Figure 1: Initial AI framework for Exascale blueprint co-designed by CoE RAISE use case applications.

The RAISE Reference Architecture needs to support low-level (RQ5) and high-level access methods (RQ4). In this initial blueprint, the core building block to enable low-level access is via SSH protocols using batch scheduler scripts for automation (Figure 1 D). However, the requirement analysis of the WP3 and WP4 Use Cases revealed that interactive access via Jupyter notebooks is also required (Figure 1 E) to enable quick and rapid prototyping of DL algorithms. In this context, it is possible to create SSH sessions out of Jupyter notebooks on HPC systems. Furthermore, the framework needs to be hardware-agnostic with respect to accelerators (RQ8) and requires a high I/O performance to work with large quantities of data (RQ9). Abstracting specific DL tasks (RQ2) by using the ONNX format (Figure 1 F) enables portability between different DL frameworks and increases reproducibility (RQ6). A more comprehensive view of use cases reveals the requirements that platforms like MLFlow (Figure 1 G) are essential to share and re-use existing AI models among the broader AI & HPC community (RQ6).
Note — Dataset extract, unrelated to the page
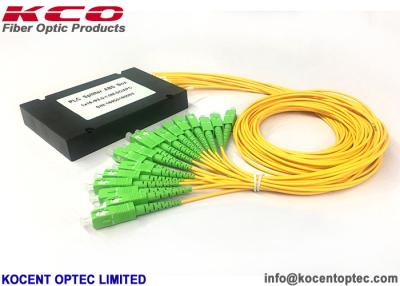 China 1:16 PLC Fiber Optic Splitter 1x16 ABS Box 0.9mm 2.0mm 3.0mm 1*16 Modular Splitter for sale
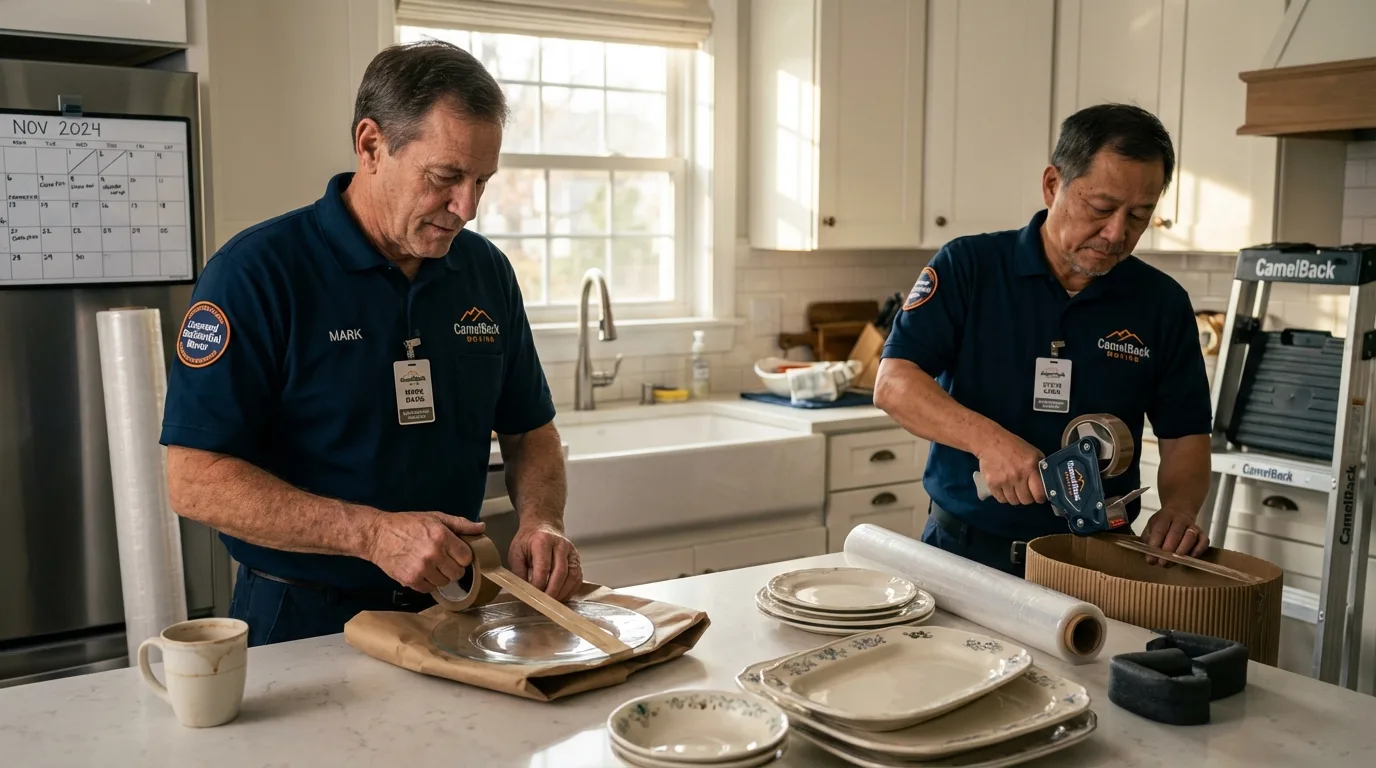 Professional crew packing kitchen dishware in Birdsboro, PA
The unique AI framework layout design employs an abstract wrapper functionality to map the above abstract specifications to specific software and hardware infrastructure via the Facade pattern (Figure 1 H). It thus maps the abstract specifications to specific software and hardware configurations (RQ1) of available HPC systems (Figure 1 I), encapsulating users from the need to know about low-level version details. However, in this context, it is vital to check what versions are available in what modules on the specific HPC systems (Figure 1 J) as RAISE’s Use Cases considered this a major obstacle for using AI technologies on HPC systems today.

The initial Reference Architecture blueprint in Figure 1 includes specific versions of packages within its software infrastructure provided by HPC centres in Europe. These software packages are basic science libraries (Figure 1 K) such as NumPy or Pandas. In addition, the RAISE Reference Architecture will also leverage specific harmonized versions of the DL packages TensorFlow and PyTorch (Figure 1 L), and PyTorch-DDG and Horovod for scaling towards Exascale (Figure 1 M). At the time of writing, the complementary benchmark activities of WP2 in CoE RAISE investigate scaling and limits when using these packages, particularly concerning their scalability towards Exascale. To enable portability, users of the RAISE AI framework based on this Reference Architecture can use specially prepared containers with Use-Case specific software stacks prepared based on Singularity (Figure 1 P).

Finally, the Reference Architecture in Figure 1 also includes a hardware infrastructure that deploys the software infrastructure above, and that is accessible to RAISE Use Case members. At present, the HPC systems available to RAISE are the DEEP prototype (Figure 1 N), the JUWELS system at the Jülich Supercomputing Centre (Figure 1 O) and the MareNostrum system at BSC-CNS (Figure 1 Q). Other machines not shown in Figure 1 include HPC systems available via the PRACE Rapid Access programme. But many more HPC systems become available and work towards supporting the basic blueprint of the RAISE CoE framework. The future work entails improving the blueprint (e.g., adding hyper-parameter optimization tools like Ray Tune or Optune), identifying more HPC/AI methods listed in Table 1, and working with cutting-edge technologies such as quantum annealers.